### [Work order]
Your job with the data below is to output exactly the lines from the one holding "Bronzer, ktorý vám dodá prirodzené opálenie" down to the one holding "Reon Occasional Tables Coffee Table", both included, and no others.

### [Given records]
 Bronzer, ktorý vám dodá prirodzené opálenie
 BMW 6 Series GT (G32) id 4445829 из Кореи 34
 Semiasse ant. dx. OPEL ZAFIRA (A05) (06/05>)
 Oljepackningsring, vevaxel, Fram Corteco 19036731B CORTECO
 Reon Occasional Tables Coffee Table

---

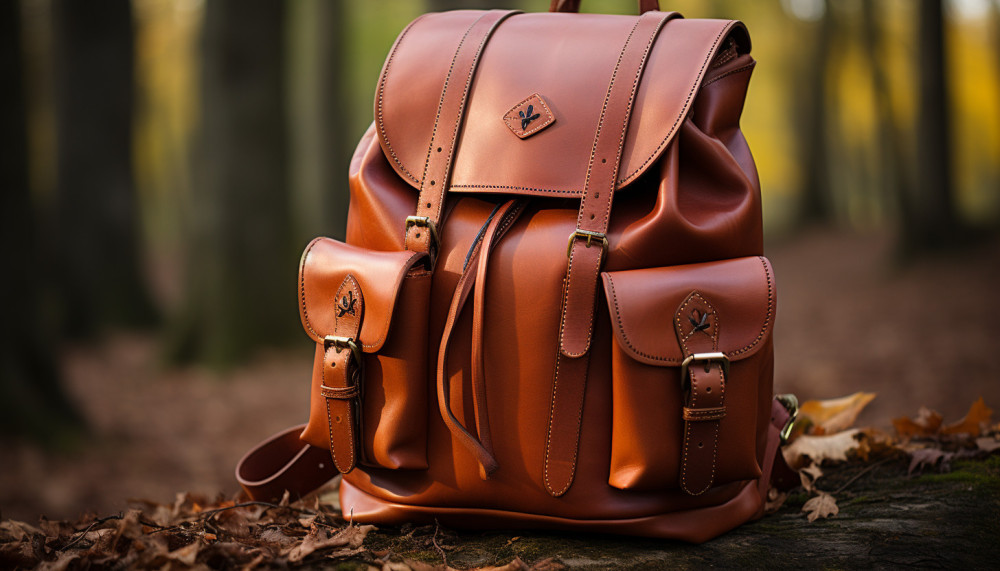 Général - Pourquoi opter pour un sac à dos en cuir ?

### [Answer]
 Bronzer, ktorý vám dodá prirodzené opálenie
 BMW 6 Series GT (G32) id 4445829 из Кореи 34
 Semiasse ant. dx. OPEL ZAFIRA (A05) (06/05>)
 Oljepackningsring, vevaxel, Fram Corteco 19036731B CORTECO
 Reon Occasional Tables Coffee Table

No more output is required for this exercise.